一维卷积模型捕获的特征是没有顺序的,它似乎捕获到了great movie
,best movie
,shock
这些词汇,于是给出了较高的概率,而LSTM模型无法捕获这些词汇,它会从顺序的角度来看这条影评,它能捕获因果关系。
再来看第二条影评:
It’s too bad. I can’t watch it for a second. This movie is just making trouble. I don’t understand what the director thinks. This kind of story can also be made. It’s for children to watch.
同理,一维卷积模型似乎捕获到了bad
,making trouble
这类的负面词汇,于是给出了为正面评论较低的概率,而LSTM就没有这么聪明了,它只能依顺序来看,然后进行预测。
从结果上来看,两者的预测都是正确的,但是貌似一维卷积模型效果更好,它似乎更加聪明,只找了一些表达情绪的词汇就判断出了这条影评是正面还是负面。那么我们当然也认为一维卷积模型更加出色吗?
口说无凭,我们再接着往下看。
下面我们用一条爱情公寓电影的影评来看看两个模型的效果(博主这里只是借用别人的评论,本人对此不发表任何看法)
这是第三条影评:
老实说,电视连续剧《爱情公寓》还是很不错的!但这部电影真的,情节太糟糕了。我完全不明白它在说什么。一会儿是现实,一会儿是科幻小说(主角的光环),一会儿是现实。只是没有焦点。太频繁了。结局太差太假。
其英文翻译如下:
To be honest, the TV series love apartment is very good! But the movie is really, the plot is terrible.

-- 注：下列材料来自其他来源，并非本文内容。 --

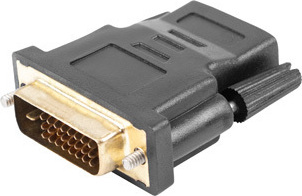 Lanberg DVI-D male σε HDMI female 1τμχ (AD-0010-BK)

I have no idea what it’s talking about. One moment is reality, one moment is science fiction (the aura of the protagonist), one moment is reality. Just no focus. Too often. The ending is too bad and too fake.
使用了一维卷积的模型预测为:
print(conv1d_predict("To be honest, the TV series love apartment is very good! But the movie is really, the plot is terrible. I have no idea what it's talking about. One moment is reality, one moment is science fiction (the aura of the protagonist), one moment is reality. Just no focus. Too often. The ending is too bad and too fake."))
预测结果如下:
the score is:0.7587981224060059 good
模型预测为正面影评,给出了正面评论的概率为0.7587981224060059
再来看看LSTM模型的预测:
print(lstm_predict("To be honest, the TV series love apartment is very good! But the movie is really, the plot is terrible. I have no idea what it's talking about. One moment is reality, one moment is science fiction (the aura of the protagonist), one moment is reality. Just no focus. Too often. The ending is too bad and too fake."))
预测结果如下:
the score is:0.21752914786338806 bad
模型预测为负面影评,给出了正面评论的概率为0.21752914786338806
到这里大家就看出差别了。
一维卷积模型给出了错误的预测,它预测结果为正面,给出了正面的概率为0.7587981224060059,而LSTM模型给出了正确的预测,它预测结果为负面,给出了正面的概率为0.21752914786338806。那么为什么会出现这样的情况了?刚刚我们不是觉得一维卷积模型的预测更为准确吗?这是由于模型的特性不同。
且看评论:
To be honest, the TV series love apartment is very good! But the movie is really, the plot is terrible. I have no idea what it’s talking about. One moment is reality, one moment is science fiction (the aura of the protagonist), one moment is reality. Just no focus. Too often. The ending is too bad and too fake.
这里一维卷积模型似乎是捕获到了very good!
同时也捕获到了is terrible
,在我们看来人家明明是说的TV好,但电影差,可是一维卷积模型就没有这么聪明了,它只聚焦到了这些词上,虽然这两个词的意思是相反的,但是它似乎觉得正面的概率还是稍微高一点,于是给出了0.7587981224060059的预测概率。我们可以从概率上看到它似乎也有一点纠结,不像前两次预测都是那么肯定。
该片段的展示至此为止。